Canada's central bank held rates steady. US inflation accelerated to 4.2%, pushing the loonie lower. Trade surplus widened. CUSMA review looms. Fed meeting with Warsh next.
The Bank of Canada held its policy rate at 2.25% this week. The decision was widely expected. What mattered was the tone. Policymakers said growth disappointed in Q1 and excess supply persists, economists at TD Bank wrote in their weekly note. At the same time, higher oil prices are complicating the inflation outlook. The message left the BoC in a narrow channel. Markets read it as modestly dovish. Pricing for a 25-basis-point hike by year-end edged lower after the announcement.
The Canadian dollar bore the brunt of the cross-border rate divergence. Upward inflation expectations in the U.S. pushed CAD to a fresh seven-month low at 0.7140 per greenback. Canadian government bond yields fell roughly 10 basis points across the curve. The move in CAD reflects a simple transmission: U.S. rates rising while Canadian rates stay anchored. The currency strength meter shows the loonie near its weakest level relative to the dollar in seven months.
Away from rates, Canada's April merchandise trade surplus widened for a second consecutive month to the largest since early 2025. Higher oil prices helped. The details showed export volumes rose and the gains were reasonably broad-based, the economists noted. Net trade now looks set to contribute positively to Q2 growth, reversing the drag from Q1.
That improvement comes just before the July 1 CUSMA review. A timely renewal looks unlikely. Missing the deadline would not collapse the agreement. CUSMA would remain in force and shift to rolling annual reviews. That outcome would prolong trade uncertainty, weighing on business confidence and investment, the economists wrote.
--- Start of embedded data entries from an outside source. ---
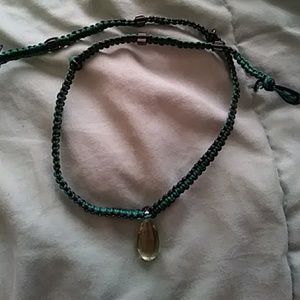 Hand made hemp necklace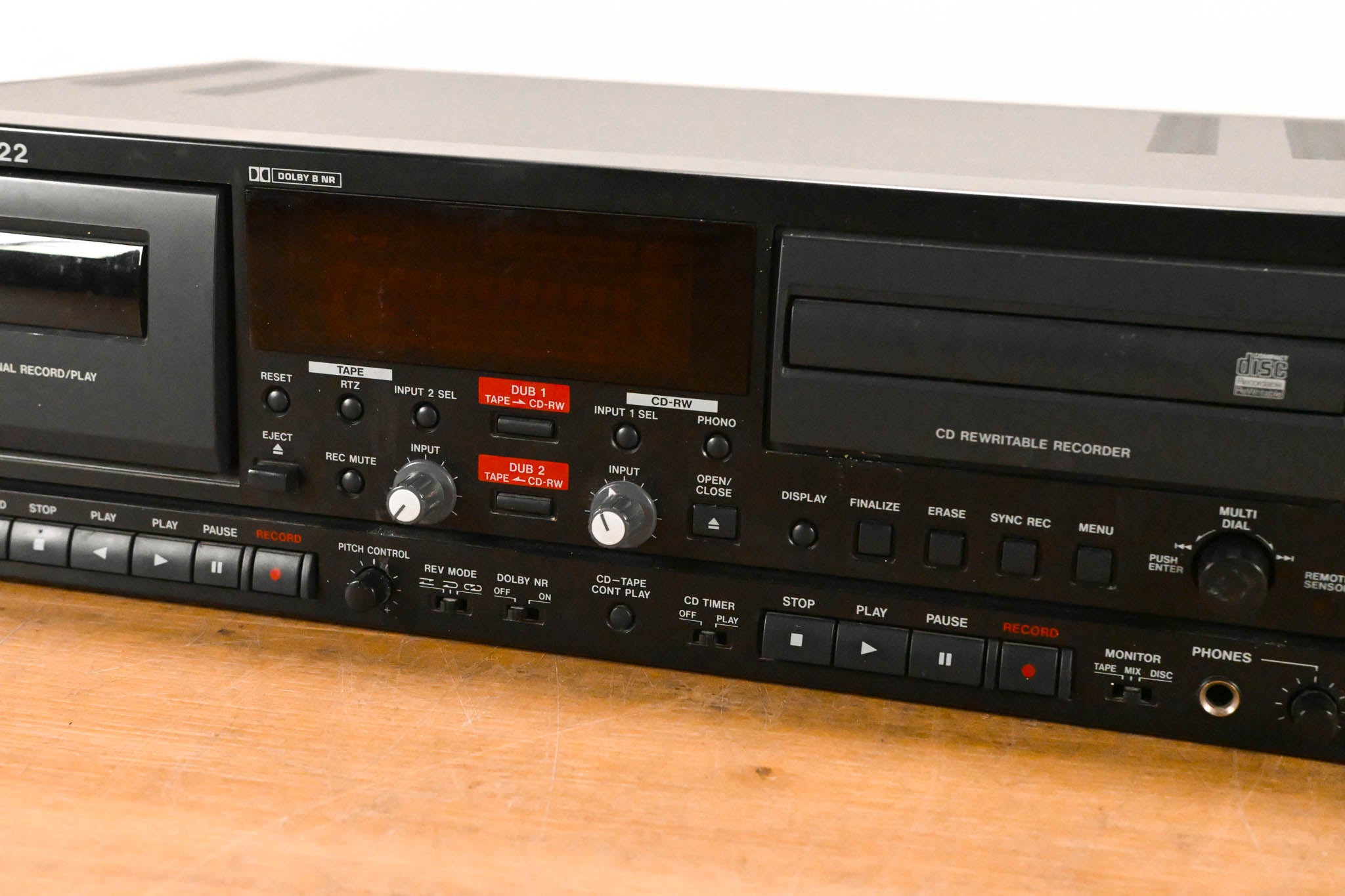 TASCAM CC-222 CD Recorder / Cassette Combination Deck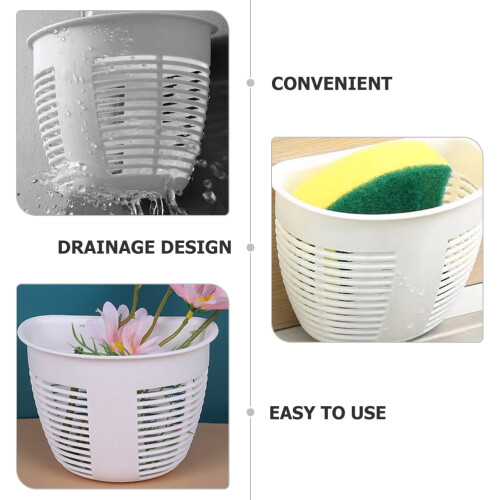 Panier mural de salle de bain sans perçage, lot de 4 1
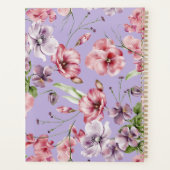 Personalisierter Planer Gartenblumen (Rückseite)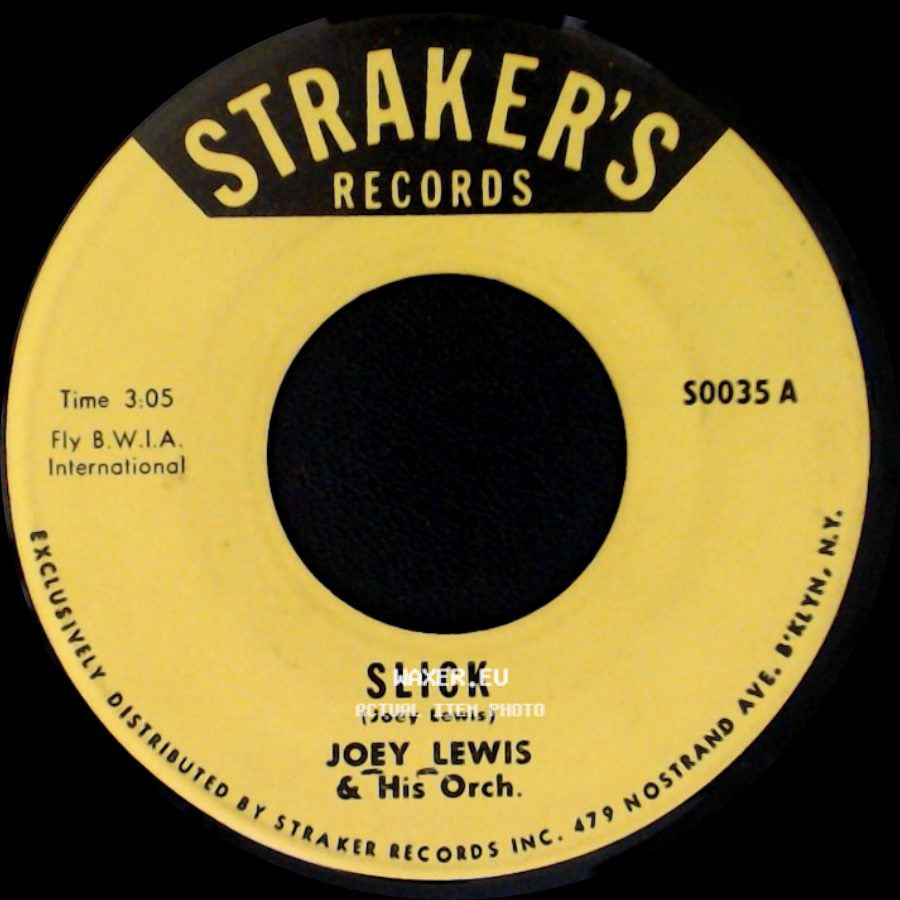 Joey Lewis & His Orch. - Grenadian Claudette / Slick side B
South of the border, the May CPI report hardened the inflation picture. Headline inflation hit 4.2% year-on-year, the fastest pace in three years. Core inflation rose 2.9% year-on-year. Energy costs drove most of the headline gain. Non-housing services stayed firm. The NFIB small business survey showed a growing share of firms raised average selling prices and planned further increases. That suggests higher energy and input costs are rippling beyond the pump, the economists wrote.
Housing offered a modest reprieve. Existing home sales rose 3.2% in May to the highest level since December. Still, activity is hovering near the 4-million mark for a third year. Home price growth remains in the slow lane.
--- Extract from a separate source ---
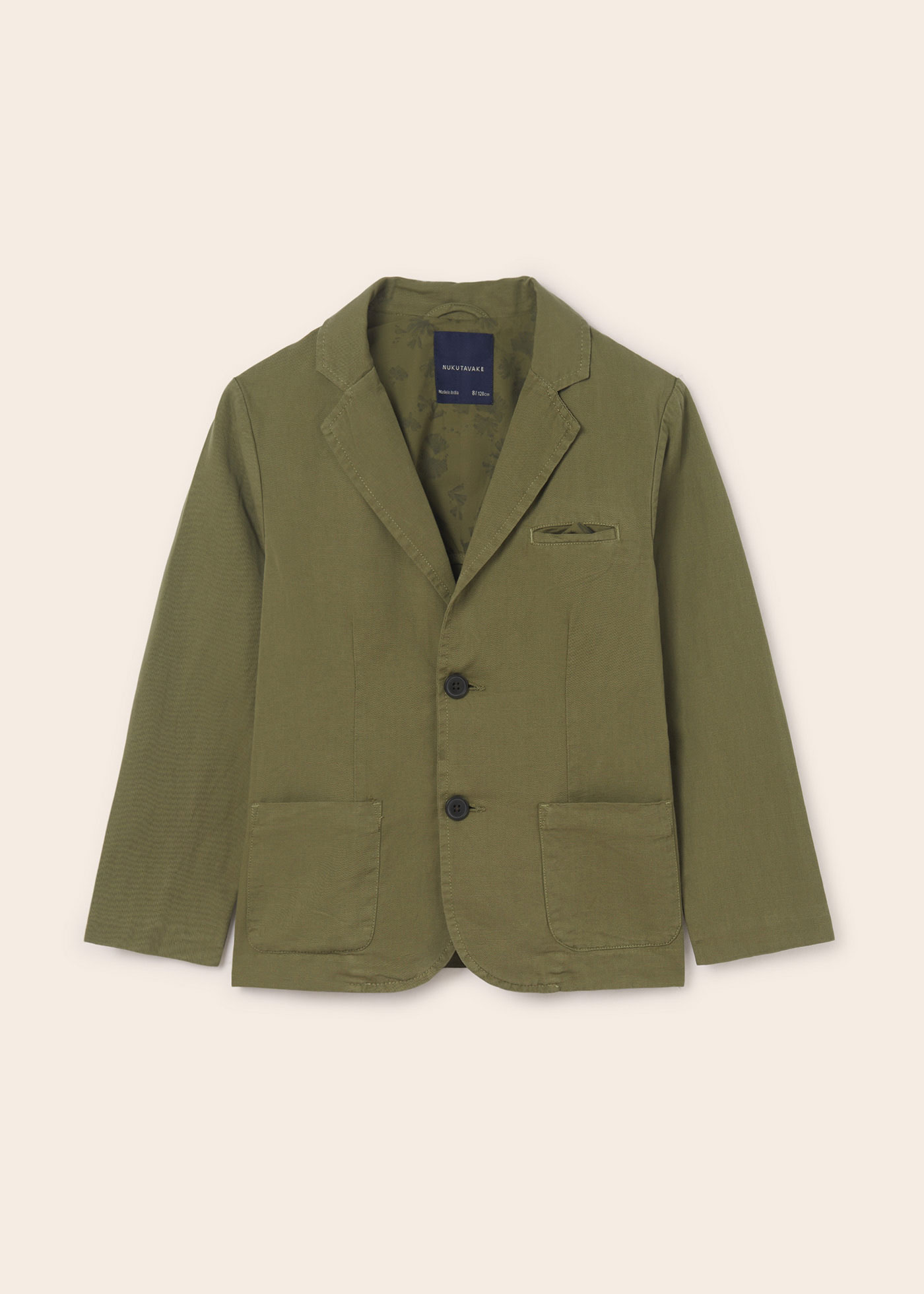 Blazer de algodão para menino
Labor market signals were mixed. Initial jobless claims ticked higher for a third week. Yet they remain broadly range-bound. The small business survey pointed to slower job creation ahead, with hiring plans softening alongside rising inflation worries.
The net effect is that the Middle East conflict's impact keeps showing up in data and is becoming harder for the Fed to ignore. Core inflation will likely stay elevated through year-end, supporting a prolonged Fed pause, the economists wrote.
Next week marks Kevin Warsh's first FOMC meeting as Chair. TD economists expect the committee to signal that rates will stay elevated through year-end in its updated Summary of Economic Projections. The last set reflected 25 basis points of easing this year and next. The statement may also drop the easing bias. That would bring the Fed closer to market pricing, which now shows a toss-up between no action and a 25-basis-point hike by year-end.